## DATA RECORDS
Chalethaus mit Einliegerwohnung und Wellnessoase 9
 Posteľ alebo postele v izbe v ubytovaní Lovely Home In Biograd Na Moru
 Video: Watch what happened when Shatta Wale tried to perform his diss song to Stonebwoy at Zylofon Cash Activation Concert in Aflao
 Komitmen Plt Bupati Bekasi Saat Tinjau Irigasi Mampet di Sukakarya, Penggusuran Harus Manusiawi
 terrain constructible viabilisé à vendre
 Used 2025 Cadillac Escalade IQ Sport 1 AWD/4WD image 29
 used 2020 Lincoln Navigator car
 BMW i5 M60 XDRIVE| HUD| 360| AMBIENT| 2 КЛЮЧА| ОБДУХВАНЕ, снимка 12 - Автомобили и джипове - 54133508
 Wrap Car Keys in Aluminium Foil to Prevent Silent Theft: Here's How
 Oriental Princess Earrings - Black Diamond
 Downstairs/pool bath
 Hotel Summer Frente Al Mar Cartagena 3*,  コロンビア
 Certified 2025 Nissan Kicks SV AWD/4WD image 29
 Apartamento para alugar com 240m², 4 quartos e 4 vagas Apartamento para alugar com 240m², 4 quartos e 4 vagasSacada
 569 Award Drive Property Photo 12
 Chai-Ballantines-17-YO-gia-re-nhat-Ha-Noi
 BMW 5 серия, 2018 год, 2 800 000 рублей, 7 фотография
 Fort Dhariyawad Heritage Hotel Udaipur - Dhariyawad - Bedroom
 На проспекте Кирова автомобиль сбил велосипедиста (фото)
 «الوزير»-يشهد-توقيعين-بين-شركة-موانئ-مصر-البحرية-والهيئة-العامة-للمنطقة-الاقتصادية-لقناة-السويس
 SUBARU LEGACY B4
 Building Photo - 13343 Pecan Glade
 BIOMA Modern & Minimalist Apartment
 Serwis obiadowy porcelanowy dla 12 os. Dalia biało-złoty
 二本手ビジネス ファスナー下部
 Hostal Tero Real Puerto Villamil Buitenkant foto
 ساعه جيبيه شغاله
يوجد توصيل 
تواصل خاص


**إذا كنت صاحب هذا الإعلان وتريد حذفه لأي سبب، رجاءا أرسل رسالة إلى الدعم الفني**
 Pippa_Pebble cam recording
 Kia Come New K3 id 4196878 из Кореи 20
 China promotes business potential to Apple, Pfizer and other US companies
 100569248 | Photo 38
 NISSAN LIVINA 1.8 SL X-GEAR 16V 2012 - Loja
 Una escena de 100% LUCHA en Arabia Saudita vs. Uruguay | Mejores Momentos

## PROBLEM DETAILS
Word for word, copy out the data.

## REPLY TO THE EXERCISE
Chalethaus mit Einliegerwohnung und Wellnessoase 9
 Posteľ alebo postele v izbe v ubytovaní Lovely Home In Biograd Na Moru
 Video: Watch what happened when Shatta Wale tried to perform his diss song to Stonebwoy at Zylofon Cash Activation Concert in Aflao
 Komitmen Plt Bupati Bekasi Saat Tinjau Irigasi Mampet di Sukakarya, Penggusuran Harus Manusiawi
 terrain constructible viabilisé à vendre
 Used 2025 Cadillac Escalade IQ Sport 1 AWD/4WD image 29
 used 2020 Lincoln Navigator car
 BMW i5 M60 XDRIVE| HUD| 360| AMBIENT| 2 КЛЮЧА| ОБДУХВАНЕ, снимка 12 - Автомобили и джипове - 54133508
 Wrap Car Keys in Aluminium Foil to Prevent Silent Theft: Here's How
 Oriental Princess Earrings - Black Diamond
 Downstairs/pool bath
 Hotel Summer Frente Al Mar Cartagena 3*,  コロンビア
 Certified 2025 Nissan Kicks SV AWD/4WD image 29
 Apartamento para alugar com 240m², 4 quartos e 4 vagas Apartamento para alugar com 240m², 4 quartos e 4 vagasSacada
 569 Award Drive Property Photo 12
 Chai-Ballantines-17-YO-gia-re-nhat-Ha-Noi
 BMW 5 серия, 2018 год, 2 800 000 рублей, 7 фотография
 Fort Dhariyawad Heritage Hotel Udaipur - Dhariyawad - Bedroom
 На проспекте Кирова автомобиль сбил велосипедиста (фото)
 «الوزير»-يشهد-توقيعين-بين-شركة-موانئ-مصر-البحرية-والهيئة-العامة-للمنطقة-الاقتصادية-لقناة-السويس
 SUBARU LEGACY B4
 Building Photo - 13343 Pecan Glade
 BIOMA Modern & Minimalist Apartment
 Serwis obiadowy porcelanowy dla 12 os. Dalia biało-złoty
 二本手ビジネス ファスナー下部
 Hostal Tero Real Puerto Villamil Buitenkant foto
 ساعه جيبيه شغاله
يوجد توصيل 
تواصل خاص


**إذا كنت صاحب هذا الإعلان وتريد حذفه لأي سبب، رجاءا أرسل رسالة إلى الدعم الفني**
 Pippa_Pebble cam recording
 Kia Come New K3 id 4196878 из Кореи 20
 China promotes business potential to Apple, Pfizer and other US companies
 100569248 | Photo 38
 NISSAN LIVINA 1.8 SL X-GEAR 16V 2012 - Loja
 Una escena de 100% LUCHA en Arabia Saudita vs. Uruguay | Mejores Momentos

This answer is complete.